As a child, he saw his father rise to greatness and then, one terrible day 18 years ago, saw him lying dead -- shot down on a Memphis motel balcony. For Martin Luther King III, the Jan. 20 holiday devoted to his father represents a chance to rekindle and work toward the civil rights leader's dream.
King, 28, visited the Washington area this weekend as part of a nationwide campaign to urge schools, local and state governments and ordinary citizens to participate in the federal holiday commemorating the life of his father and namesake, the Rev. Martin Luther King Jr.
King, a stocky young man whose brown eyes glitter with intensity, bears a slight resemblance to the father he lost when he was 10 years old. The victory of getting the holiday established, he said in a recent interview, far overshadows its painful reminder of his own loss.

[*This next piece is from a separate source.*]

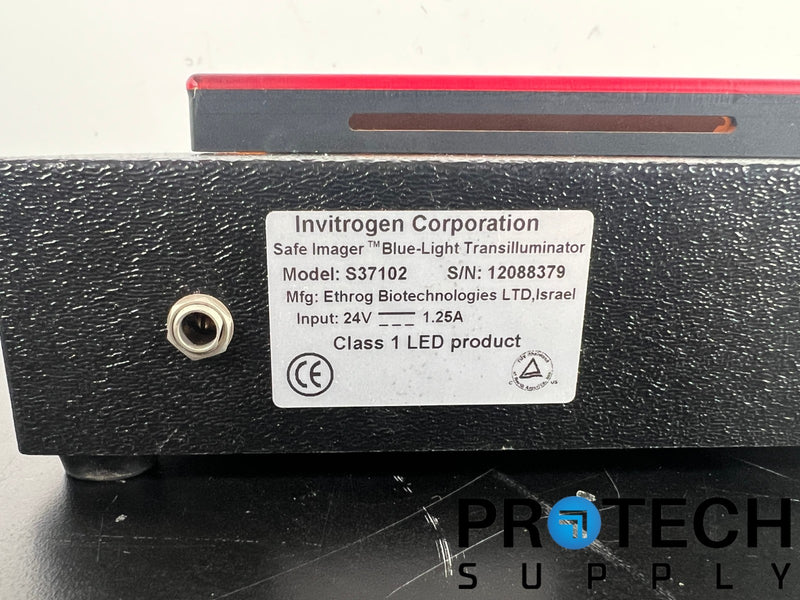 Load image into Gallery viewer, Invitrogen S37102 Safe Imager Blue Light Transilluminator (NO POWER ADAPTER)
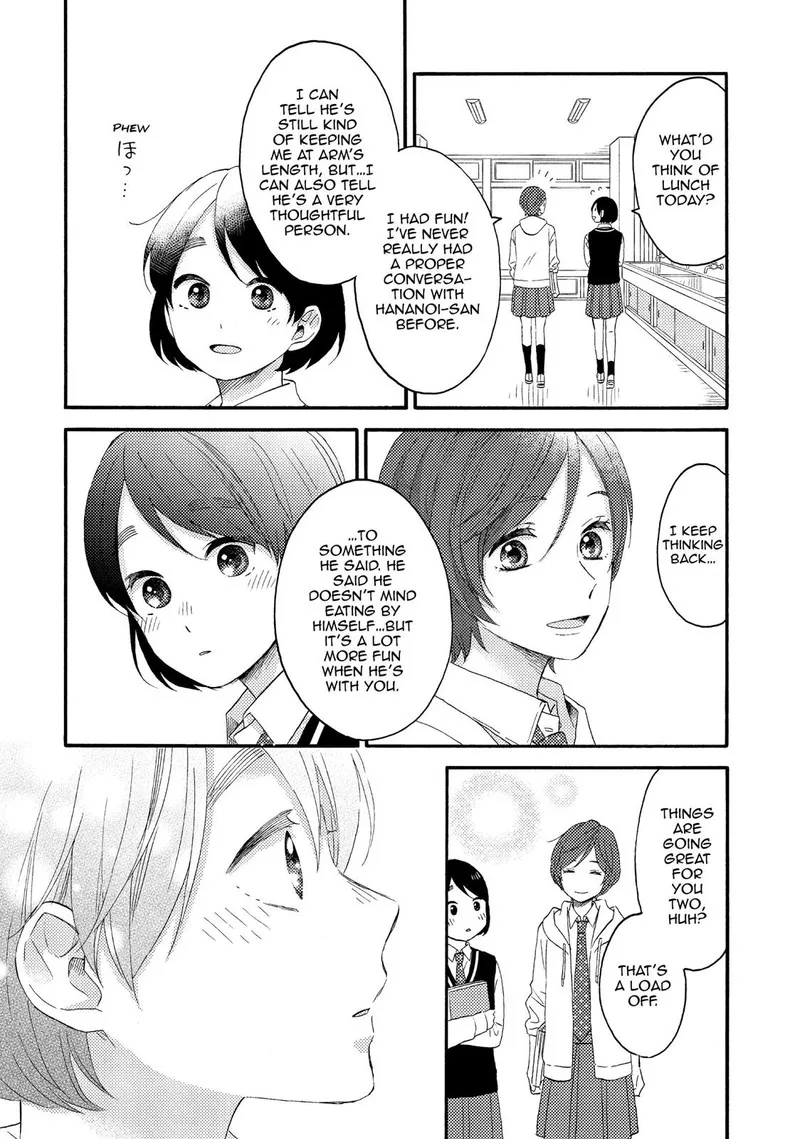 Hananoi-kun to Koi no Yamai Chapter 17 page 32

"It's a joyous day," he said. "I'm not sad, it's not a gloomy day."
Still, he imagines what it would be like if now, as an adult, he could know his father.
"God knows, I'd love to be able to talk to him now. The man, from what I understand, was brilliant. I'd love to be able to say, 'Daddy, what do you think about this, or what do you think about that?' I miss that. But I know he's with me."
King said he wants to see that the holiday honoring his father's achievements and legacy does not lose its meaning. He hopes it is never viewed as just a day off from work, a day for parties or department store sales.
"That's really not what it should be about at all," he said. "It should be a day of recommitment," a time for Americans to reflect on what they can do to make the world a better place.
The holiday should stimulate people to get involved in humanitarian issues, such as ending world hunger or working to dismantle South Africa's system of apartheid, King said.
King, with his brother and two sisters, works at the King Center for Non-Violent Social Change in Atlanta. He hopes that the institution will become, like the Lincoln and Jefferson memorials here, a monument to a man and an ideal, drawing visitors from around the country.
King is involved in the center's newly launched Youth Against Violence program, which seeks to end crime and substance abuse among young blacks by creating positive role models.
"Blacks are conditioned to dislike blacks," he said. "That's why the black homicide rates are so high." King said one source of that conditioning is television, which, he said, until recently offered no realistic portrayals of stable black families.
Another way to combat the problems among black youth, said King, "is to go back to basic principles -- to God and prayer."
Though dedicated to perpetuating his father's legacy, King is also a young man still searching for the way to leave his own mark. He said he has "tremendous faith," but he has not been drawn to the ministry like his father and grandfather.
Instead, he said, he is thinking about entering politics. "I don't think God has called me in the traditional sense," he said. He said he is considering running for political office, perhaps the Atlanta City Council in Atlanta or the Georgia legislature.
King said he believes his travels and lectures are part of his still-evolving sense of mission. "I think that's going to increase in connection with what God wants me to do, although I'm not sure what that is," he said. "I've still got some growing to do, even at this late stage."
Last week, King and his two sisters were among those arrested outside an Atlanta supermarket for protesting the sale of goods made in South Africa. With them were two of their cousins and the son of civil rights leader Ralph Abernathy.
King said he thinks apartheid will galvanize a new generation of civil rights activists. "It hurts," said King, "and it has the kind of visibility that will create a catalytic campaign for a new movement here."
Up to now, he said, "Most children of prominent people in the movement have really shied away. They saw the tremendous agonizing their parents went through."
But, King added, "I think when we have to rise to the occasion, we do."